Tracy was unhappy when reporters asked him about a play in Wednesday's loss to Arizona in which Burnitz appeared to dog it down the line in the eighth inning. Second baseman Orlando Hudson bobbled his grounder but was able to easily throw out Burnitz, who signed a $6.7 million, one-year contract in the offseason. Burnitz's average dropped to .186.

"I'm not going to nitpick," Tracy told reporters. "Jeromy Burnitz isn't the reason we lost the game."

True enough. The Pirates, ranking 29th in the majors in runs scored and 22nd in team earned-run average, have plenty of blame to go around.
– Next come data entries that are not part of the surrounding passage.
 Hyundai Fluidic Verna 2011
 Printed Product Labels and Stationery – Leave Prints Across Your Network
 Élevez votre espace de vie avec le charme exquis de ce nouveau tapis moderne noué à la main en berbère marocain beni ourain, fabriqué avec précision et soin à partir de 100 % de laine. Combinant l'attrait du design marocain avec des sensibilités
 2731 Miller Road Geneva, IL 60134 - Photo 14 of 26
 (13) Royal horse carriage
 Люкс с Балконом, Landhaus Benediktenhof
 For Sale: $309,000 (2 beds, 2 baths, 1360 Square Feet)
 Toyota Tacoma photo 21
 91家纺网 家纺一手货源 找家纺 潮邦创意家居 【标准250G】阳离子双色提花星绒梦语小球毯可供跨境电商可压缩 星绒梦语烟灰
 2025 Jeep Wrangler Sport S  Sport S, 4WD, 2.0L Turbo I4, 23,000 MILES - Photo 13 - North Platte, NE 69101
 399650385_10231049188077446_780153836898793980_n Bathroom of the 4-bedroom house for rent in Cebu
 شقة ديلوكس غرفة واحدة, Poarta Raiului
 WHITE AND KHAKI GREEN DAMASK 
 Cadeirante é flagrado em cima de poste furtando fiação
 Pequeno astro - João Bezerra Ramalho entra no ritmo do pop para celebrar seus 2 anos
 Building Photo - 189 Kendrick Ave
• This is a new Rockies world. Entering the weekend, their relievers had given up just five home runs, the fewest in the major leagues, an amazing statistic considering the Rockies' history of incendiary pitching. Just two of those homers came in the eighth inning or later. Combined with a dynamic young offense, the Rockies' improved pitching gives hope that they can contend all year in the underwhelming National League West.

• The most intriguing Colorado reliever is right-hander Ramon Ramirez, who signed at age 16 with the Texas Rangers as an outfielder, was released, worked in a Coca-Cola bottling plant while learning how to pitch, signed with the Hiroshima Carp in Japan, caught the eye of the Yankees and signed with them in 2003, then came to Colorado last year in the Shawn Chacon trade last July.

Called up when Mike DeJean went on the DL, Ramirez has become one of the most dominant relievers in baseball. Through 10 games and 14 innings, he had a 0.00 ERA, giving up just six hits while striking out 19 and walking two. Opponents were hitting .128 off him.

• The Cubs' win over the Giants on Wednesday was big for those who believe in statistical omens. It snapped Chicago's eight-game losing streak, significant because no team since the advent of the eight-team playoff format in 1995 has ever reached the postseason after losing more than eight in a row.

Research by the Chicago Tribune revealed that nine teams have advanced with an eight-game losing streak at some point, including the 2005 Padres and the 2000 Giants, the latter managed by Dusty Baker.

It's a moot point, however. The anemic Cubs, helpless without injured Derrek Lee and still waiting for Kerry Wood and Mark Prior, aren't going anywhere.